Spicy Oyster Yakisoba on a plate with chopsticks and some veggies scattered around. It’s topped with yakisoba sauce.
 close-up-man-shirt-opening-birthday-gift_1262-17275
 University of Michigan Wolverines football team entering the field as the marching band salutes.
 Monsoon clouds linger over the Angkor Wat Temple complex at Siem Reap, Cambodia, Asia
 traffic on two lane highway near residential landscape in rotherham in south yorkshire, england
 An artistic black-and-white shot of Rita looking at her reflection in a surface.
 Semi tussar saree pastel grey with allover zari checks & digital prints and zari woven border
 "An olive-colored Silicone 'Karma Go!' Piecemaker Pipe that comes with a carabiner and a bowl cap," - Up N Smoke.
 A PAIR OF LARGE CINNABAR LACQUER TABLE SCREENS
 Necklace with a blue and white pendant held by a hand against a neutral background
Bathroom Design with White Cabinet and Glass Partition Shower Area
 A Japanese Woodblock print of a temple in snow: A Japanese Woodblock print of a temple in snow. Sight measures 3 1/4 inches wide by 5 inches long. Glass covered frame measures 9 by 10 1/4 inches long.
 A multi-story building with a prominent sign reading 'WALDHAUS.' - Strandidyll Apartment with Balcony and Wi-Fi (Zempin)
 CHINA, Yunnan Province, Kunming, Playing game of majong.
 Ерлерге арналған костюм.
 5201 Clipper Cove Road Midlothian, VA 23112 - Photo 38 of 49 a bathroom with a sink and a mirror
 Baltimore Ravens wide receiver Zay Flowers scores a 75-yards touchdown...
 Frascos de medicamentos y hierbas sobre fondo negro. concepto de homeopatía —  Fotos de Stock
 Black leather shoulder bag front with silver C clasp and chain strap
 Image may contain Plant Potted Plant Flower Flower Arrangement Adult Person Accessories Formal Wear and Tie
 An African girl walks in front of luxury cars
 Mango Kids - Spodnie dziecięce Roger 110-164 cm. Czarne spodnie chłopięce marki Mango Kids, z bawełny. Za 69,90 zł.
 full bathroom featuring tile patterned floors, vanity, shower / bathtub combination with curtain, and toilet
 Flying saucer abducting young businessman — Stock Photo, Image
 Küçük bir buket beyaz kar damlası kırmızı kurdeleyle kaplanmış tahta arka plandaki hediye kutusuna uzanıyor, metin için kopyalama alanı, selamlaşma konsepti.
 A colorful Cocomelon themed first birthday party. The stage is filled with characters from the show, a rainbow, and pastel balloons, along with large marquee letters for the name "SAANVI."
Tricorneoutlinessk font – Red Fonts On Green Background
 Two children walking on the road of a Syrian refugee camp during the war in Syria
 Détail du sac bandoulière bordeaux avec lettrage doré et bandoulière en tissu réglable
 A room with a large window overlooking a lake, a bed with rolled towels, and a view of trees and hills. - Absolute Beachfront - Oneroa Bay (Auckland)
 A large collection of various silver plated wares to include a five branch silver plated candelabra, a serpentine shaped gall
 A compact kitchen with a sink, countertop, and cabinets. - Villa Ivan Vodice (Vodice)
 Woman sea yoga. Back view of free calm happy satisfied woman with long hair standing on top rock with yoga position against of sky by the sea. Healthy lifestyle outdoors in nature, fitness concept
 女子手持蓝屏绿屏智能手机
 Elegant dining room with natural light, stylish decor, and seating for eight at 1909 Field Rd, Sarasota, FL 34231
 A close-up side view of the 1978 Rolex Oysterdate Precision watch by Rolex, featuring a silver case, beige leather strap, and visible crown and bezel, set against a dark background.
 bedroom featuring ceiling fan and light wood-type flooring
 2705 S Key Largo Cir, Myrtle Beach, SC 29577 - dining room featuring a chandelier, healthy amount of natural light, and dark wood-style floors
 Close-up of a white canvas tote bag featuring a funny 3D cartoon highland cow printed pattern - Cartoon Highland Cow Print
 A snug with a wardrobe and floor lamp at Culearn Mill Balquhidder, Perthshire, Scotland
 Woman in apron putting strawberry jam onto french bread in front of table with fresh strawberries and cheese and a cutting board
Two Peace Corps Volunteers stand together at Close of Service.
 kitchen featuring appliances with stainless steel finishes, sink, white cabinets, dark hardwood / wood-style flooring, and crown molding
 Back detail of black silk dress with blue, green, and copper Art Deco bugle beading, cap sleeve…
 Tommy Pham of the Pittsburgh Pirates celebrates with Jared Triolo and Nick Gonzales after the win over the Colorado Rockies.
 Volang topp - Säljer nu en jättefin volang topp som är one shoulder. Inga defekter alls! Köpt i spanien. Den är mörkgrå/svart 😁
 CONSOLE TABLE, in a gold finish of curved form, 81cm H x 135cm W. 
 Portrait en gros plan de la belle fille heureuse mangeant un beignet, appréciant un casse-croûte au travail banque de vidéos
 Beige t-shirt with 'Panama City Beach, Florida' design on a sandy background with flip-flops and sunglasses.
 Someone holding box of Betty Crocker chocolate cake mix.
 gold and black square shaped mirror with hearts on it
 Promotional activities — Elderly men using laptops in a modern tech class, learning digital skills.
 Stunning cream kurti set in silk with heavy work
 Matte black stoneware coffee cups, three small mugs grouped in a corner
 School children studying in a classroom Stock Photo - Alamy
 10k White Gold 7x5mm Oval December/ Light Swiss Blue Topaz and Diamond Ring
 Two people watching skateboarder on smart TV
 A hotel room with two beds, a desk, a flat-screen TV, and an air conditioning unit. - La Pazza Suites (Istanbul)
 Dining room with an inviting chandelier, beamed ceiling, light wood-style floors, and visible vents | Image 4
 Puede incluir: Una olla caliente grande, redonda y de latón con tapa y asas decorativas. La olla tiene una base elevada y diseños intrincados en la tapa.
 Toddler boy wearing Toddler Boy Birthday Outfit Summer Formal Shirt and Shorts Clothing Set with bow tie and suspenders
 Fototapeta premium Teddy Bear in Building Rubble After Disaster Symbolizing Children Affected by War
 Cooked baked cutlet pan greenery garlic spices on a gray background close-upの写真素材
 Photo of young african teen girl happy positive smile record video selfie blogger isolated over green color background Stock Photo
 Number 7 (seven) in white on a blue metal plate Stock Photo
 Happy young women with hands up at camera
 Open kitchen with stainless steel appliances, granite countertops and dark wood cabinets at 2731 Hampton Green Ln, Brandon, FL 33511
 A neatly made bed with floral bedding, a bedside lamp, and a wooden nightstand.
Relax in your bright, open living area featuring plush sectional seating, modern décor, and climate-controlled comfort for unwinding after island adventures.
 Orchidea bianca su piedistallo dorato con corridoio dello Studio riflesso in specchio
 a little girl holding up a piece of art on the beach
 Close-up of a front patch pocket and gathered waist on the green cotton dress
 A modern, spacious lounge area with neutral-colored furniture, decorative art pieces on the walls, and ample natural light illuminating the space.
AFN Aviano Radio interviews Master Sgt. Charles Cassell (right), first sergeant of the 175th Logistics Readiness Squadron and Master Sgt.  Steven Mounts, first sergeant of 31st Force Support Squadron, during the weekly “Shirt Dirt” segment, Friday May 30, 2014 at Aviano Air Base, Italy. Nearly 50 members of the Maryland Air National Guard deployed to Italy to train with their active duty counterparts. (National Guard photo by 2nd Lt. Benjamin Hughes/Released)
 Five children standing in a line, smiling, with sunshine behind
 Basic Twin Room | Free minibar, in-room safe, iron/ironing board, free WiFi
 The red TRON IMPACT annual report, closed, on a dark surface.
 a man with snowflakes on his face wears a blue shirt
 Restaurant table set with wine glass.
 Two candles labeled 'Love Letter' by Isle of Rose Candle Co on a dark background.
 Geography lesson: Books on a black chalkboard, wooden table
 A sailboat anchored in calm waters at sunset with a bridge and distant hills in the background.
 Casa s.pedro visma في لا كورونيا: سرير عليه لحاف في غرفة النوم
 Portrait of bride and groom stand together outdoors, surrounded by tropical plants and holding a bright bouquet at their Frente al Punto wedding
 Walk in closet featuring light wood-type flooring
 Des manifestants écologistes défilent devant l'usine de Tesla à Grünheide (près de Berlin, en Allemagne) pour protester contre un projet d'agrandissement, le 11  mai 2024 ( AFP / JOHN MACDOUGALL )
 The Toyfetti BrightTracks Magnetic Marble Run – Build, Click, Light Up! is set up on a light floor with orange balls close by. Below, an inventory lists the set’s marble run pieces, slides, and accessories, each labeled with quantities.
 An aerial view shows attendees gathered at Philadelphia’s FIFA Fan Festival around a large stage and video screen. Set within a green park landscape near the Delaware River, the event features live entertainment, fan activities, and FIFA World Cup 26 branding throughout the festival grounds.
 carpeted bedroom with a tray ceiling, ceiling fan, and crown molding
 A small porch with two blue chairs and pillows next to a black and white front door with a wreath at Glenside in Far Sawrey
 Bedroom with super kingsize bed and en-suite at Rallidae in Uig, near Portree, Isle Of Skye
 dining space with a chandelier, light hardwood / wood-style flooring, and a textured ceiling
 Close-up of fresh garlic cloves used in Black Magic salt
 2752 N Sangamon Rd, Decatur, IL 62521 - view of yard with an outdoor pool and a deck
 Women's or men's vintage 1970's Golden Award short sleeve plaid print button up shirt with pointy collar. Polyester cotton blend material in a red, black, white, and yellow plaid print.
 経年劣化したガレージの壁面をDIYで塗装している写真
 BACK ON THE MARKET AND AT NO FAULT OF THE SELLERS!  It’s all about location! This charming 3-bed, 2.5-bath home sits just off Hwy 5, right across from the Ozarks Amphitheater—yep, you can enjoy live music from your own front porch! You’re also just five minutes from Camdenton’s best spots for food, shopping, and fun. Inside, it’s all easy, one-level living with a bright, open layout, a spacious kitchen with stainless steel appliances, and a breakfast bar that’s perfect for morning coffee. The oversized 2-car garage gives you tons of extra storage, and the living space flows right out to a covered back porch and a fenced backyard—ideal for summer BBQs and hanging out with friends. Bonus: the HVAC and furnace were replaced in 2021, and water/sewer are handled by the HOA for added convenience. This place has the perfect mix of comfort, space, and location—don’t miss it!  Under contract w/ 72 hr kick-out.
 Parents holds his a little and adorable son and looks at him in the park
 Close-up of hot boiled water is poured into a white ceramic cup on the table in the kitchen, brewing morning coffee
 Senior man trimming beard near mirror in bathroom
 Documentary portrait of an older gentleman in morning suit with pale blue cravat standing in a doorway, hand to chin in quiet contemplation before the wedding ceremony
-=-=-=-=-
**Prompt:** Gather every line from the listing above in which the word "garlic" appears.

**Your response:**
 Cooked baked cutlet pan greenery garlic spices on a gray background close-upの写真素材
 Close-up of fresh garlic cloves used in Black Magic salt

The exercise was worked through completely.